What is Marriage? A Reply to David Leyonhjelm

In the Australian Financial Review (13/7/14) – you can find a copy of his essay here – DL outlined his argument for removing the qualification that marriage is exhaustively a relationship between the sexes. What is his argument? Well, it is actually difficult to grasp.

He begins his essay by comparing ‘arranged’ marriage with ‘modern’ marriage and invites us to consider how the former is any different an interference than our existing situation where marriage is defined as a relationship between the sexes. He presses this claim by then arguing that just as arranged marriages might have been a norm of the past, so too now can we say that marriage being a relationship between the sexes is also a norm of the past. However, what DL fails to do is distinguish between aspects of marriage that are accidental/incidental (changeable) and those that are essential (unchangeable).   

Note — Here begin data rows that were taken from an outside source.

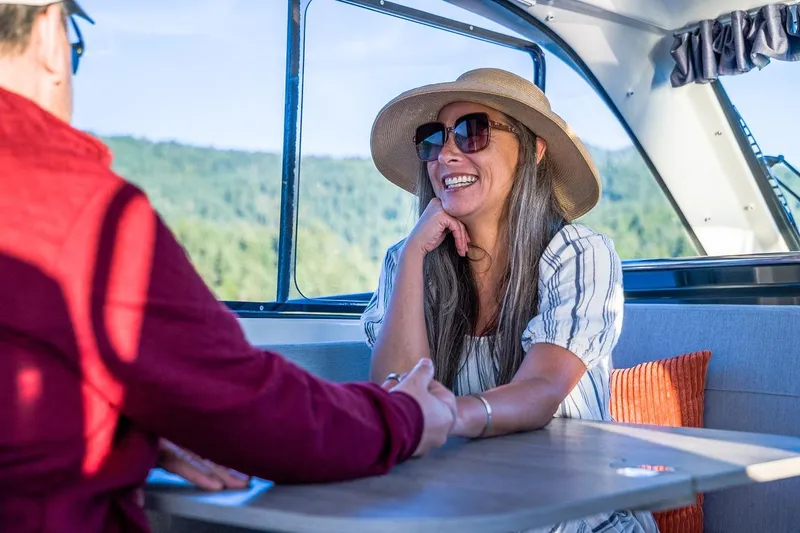 Slide: The Image of Woman smiling on a 2026 Trophy T29EX Explorer boat, enjoying a sunny day. - 31
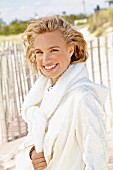 A young blonde woman on a beach wearing a white coat with a jumper over her shoulders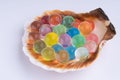 Sea shell with multicolored hydrogel balls macro Royalty Free Stock Photo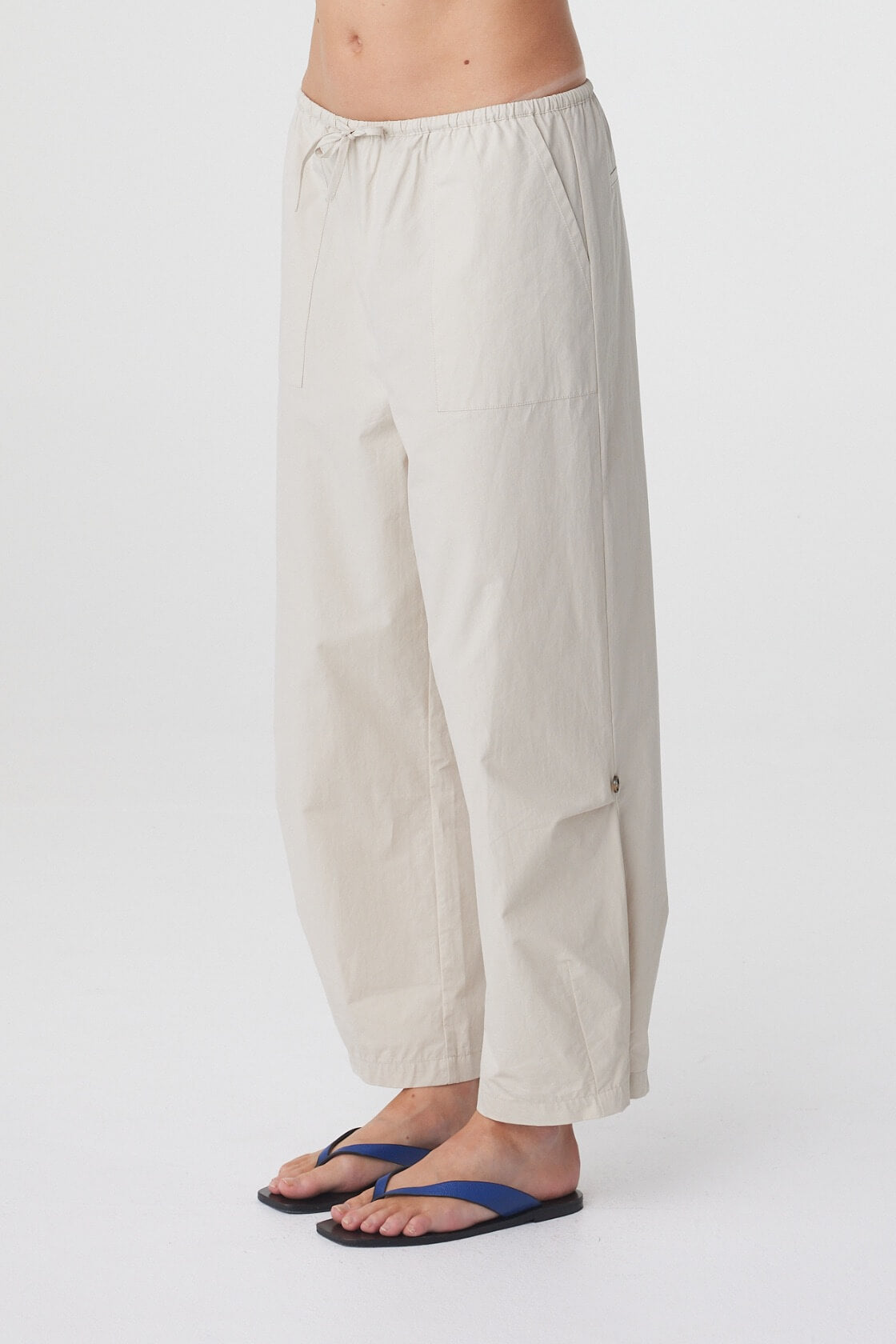 Lena Barrel Pant in Taupe, close side view highlighting the patch pocket and curved shape through the leg.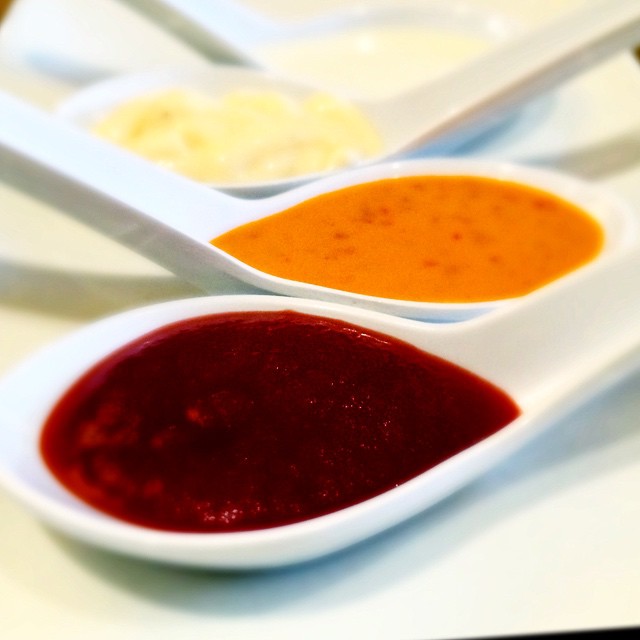 a collection of spoons containing various sauces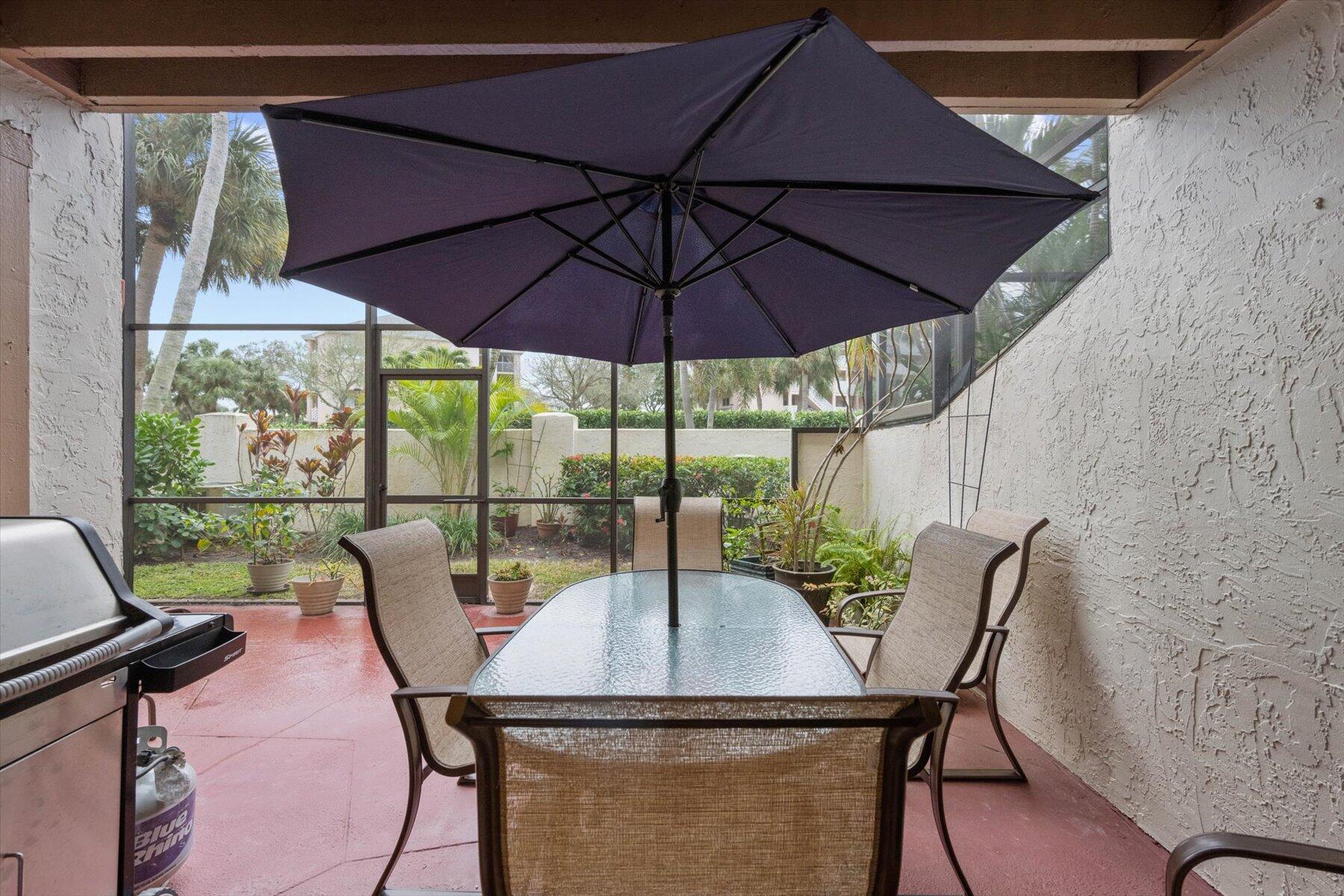 Covered patio with umbrella-shaded dining set, grill, and views of a tropical garden.
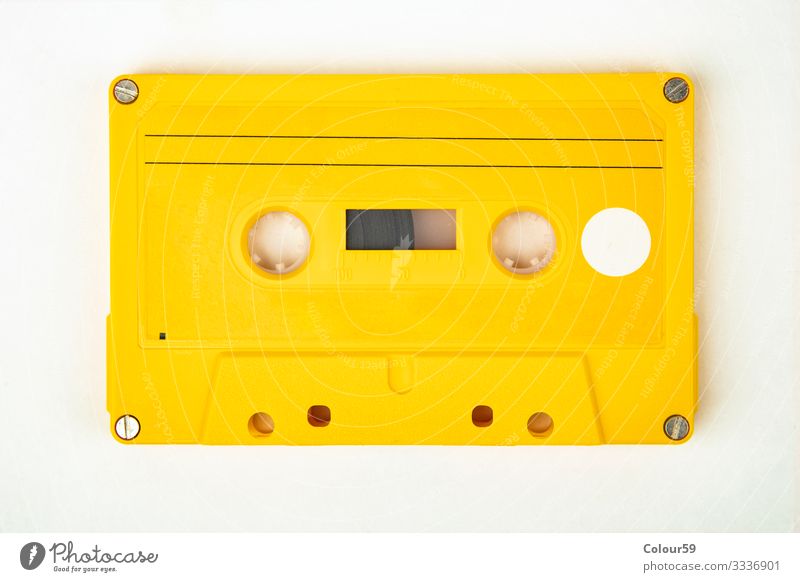 Yellow music cassette Music Retro Tape cassette audio Vintage 80s Background picture recording Analog free time tape Colour photo Studio shot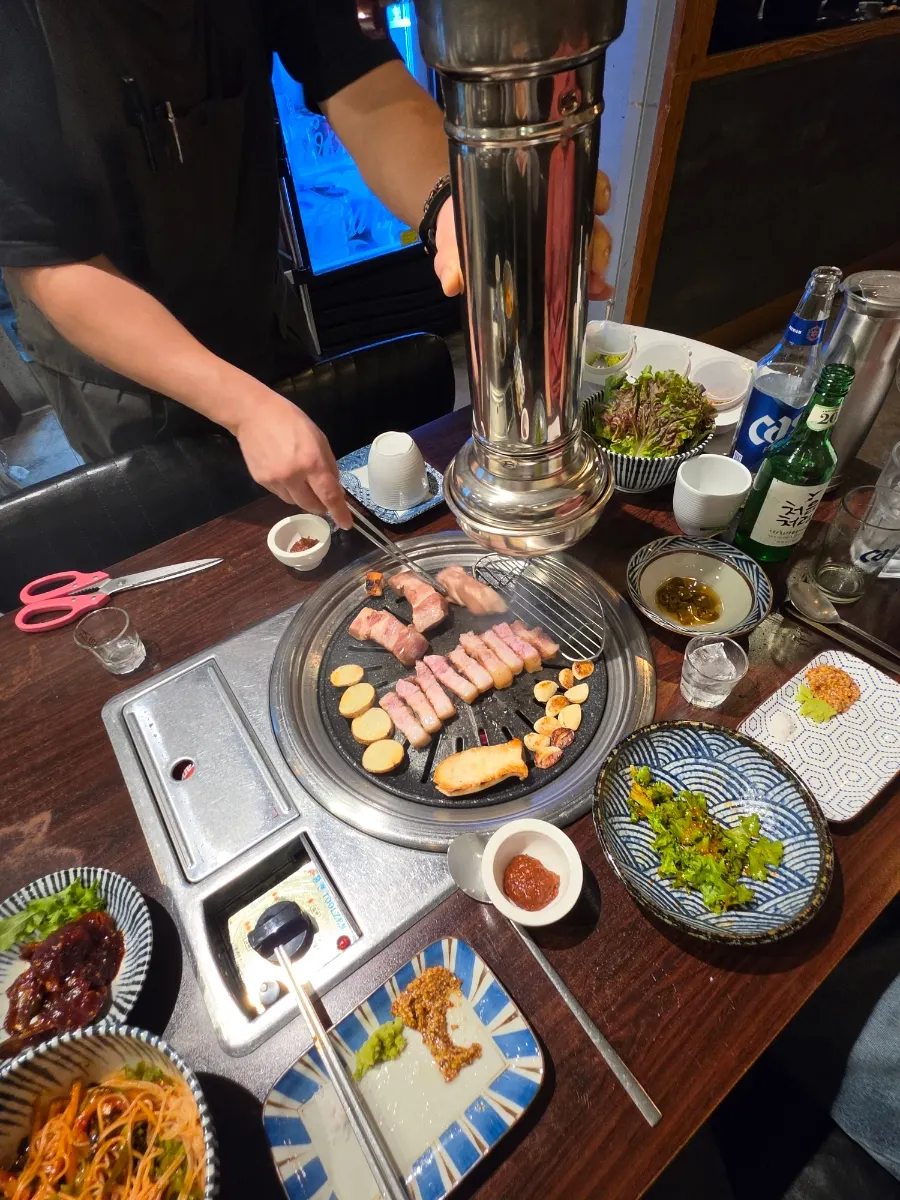 Grilling the extra meat that was ordered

The implication of his argument is that any and all aspects of marriage are accidental/incidental. Indeed, he says in one passage that “human societies have had every form of marriage imaginable”. But what is the form, marriage, he is talking about that remains unchanged while other aspects change or ‘evolve’? If there no essential characteristics to marriage, then how could we identify – or fail to identify – marriage in this or that historical period or different culture despite all these incidental changes? On this he remains silent, even suggesting at the end of the essay, “If there are to be ‘definitions’, let them be drafted widely” as if any definition is onerous and restricting. But why? I will answer that shortly.

The next move of his argument, however, is strange indeed. Having argued that marriage has taken every ‘form’ imaginable he then declares that Roman law has an important lesson to teach us: that marriage is private. Wait a minute, his argument so far was simply to say that marriage was, so to say, this in Rome, that in Athens, and so in. How, then, could Rome have anything to teach us about marriage now even if we do accept arguendo that marriage was simply a private matter in Rome two thousand or so years ago (it wasn’t, that is why concubines were subordinate to wives in Roman law)? All we could say is that marriage was a private matter in Rome then (though it wasn’t); not that it should be in Rome or anywhere else now, or that marriage per se just is private.

At one point in his essay he turns up the rhetorical dial to eleventy when he writes that laws defining marriage as a relationship between the sexes are akin to past common-law restrictions on marriage between different religious confessions or races. But, again, not only does he not present an argument which shows that these restrictions are similar -they’re not – he completely misses the point that Jews, Catholics, Protestants, whites, or blacks could marry among themselves and that they were recognized as marriages by all. The analogy is simply not there. And the simple fact that they could marry among themselves suggests that any restrictions on marriage between Catholics and Protestants, and so on, had nothing to do with the nature of marriage itself at all.

To put it bluntly, DL’s argument is incoherent. Its plausibility depends upon a sustained equivocation about what marriage is by repeatedly referring to various incidental changes to marriage that give the illusion that marriage itself has changed over time or was different fundamentally in certain places. Truth be told, DL is not concerned with marriage at all, he is concerned simply with relationships; he is noting that historically and culturally there have been different forms of adult relationship.  And there have been, who would deny it? But so what? Moreover, what else explains his reluctance to define marriage? What is at issue here is not whether there have are different types of relationship, but whether the changes he provides as examples, or the change he proposes, changed, or will change, marriage?

If, as I suggest, marriage has always been an exclusive, permanent relationship between the sexes orientated towards unifying the couple and the children that may arise therein, then the answer is that the examples he provides are all compatible with the form and purpose of marriage as outlined, whereas the alteration he proposes is not. If marriage is not a relationship between the sexes then it is not orientated towards children and therefore there could not be an in-principle reason that it be permanent and exclusive. DL remains silent on what marriage is and this silence means that he can provide no in-principle reason why he proposes this alteration alone but not one that also extends the number of persons in a marriage to more than two, and so on. It is as if he never asked himself the question, What is marriage?